**What is needed:**
Only the number is wanted: how many lines below include "with"?

Items from a data source
[Start of Attachment]

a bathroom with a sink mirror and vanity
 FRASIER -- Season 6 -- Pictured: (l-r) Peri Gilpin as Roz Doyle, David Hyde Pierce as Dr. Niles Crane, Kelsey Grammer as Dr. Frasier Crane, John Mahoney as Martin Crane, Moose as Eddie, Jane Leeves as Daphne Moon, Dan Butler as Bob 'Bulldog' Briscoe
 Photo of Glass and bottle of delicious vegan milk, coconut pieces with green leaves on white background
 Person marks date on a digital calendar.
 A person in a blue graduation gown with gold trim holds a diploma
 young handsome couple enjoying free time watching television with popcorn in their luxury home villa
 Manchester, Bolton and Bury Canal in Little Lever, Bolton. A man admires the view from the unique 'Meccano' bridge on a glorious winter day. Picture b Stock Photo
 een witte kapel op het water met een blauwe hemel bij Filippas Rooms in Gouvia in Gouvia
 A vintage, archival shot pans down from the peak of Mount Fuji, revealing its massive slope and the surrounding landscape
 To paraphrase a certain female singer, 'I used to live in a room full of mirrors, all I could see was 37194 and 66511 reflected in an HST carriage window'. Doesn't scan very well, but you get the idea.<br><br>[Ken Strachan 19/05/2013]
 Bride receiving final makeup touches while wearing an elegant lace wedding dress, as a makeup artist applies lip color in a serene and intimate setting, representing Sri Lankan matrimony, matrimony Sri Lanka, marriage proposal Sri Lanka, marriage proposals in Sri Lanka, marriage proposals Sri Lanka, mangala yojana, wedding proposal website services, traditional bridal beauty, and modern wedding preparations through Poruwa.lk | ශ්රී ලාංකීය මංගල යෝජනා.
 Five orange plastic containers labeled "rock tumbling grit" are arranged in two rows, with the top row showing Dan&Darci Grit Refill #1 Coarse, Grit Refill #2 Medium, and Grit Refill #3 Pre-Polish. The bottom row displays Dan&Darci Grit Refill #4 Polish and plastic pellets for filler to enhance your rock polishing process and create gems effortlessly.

[End of Attachment]

**Output for this exercise:**
5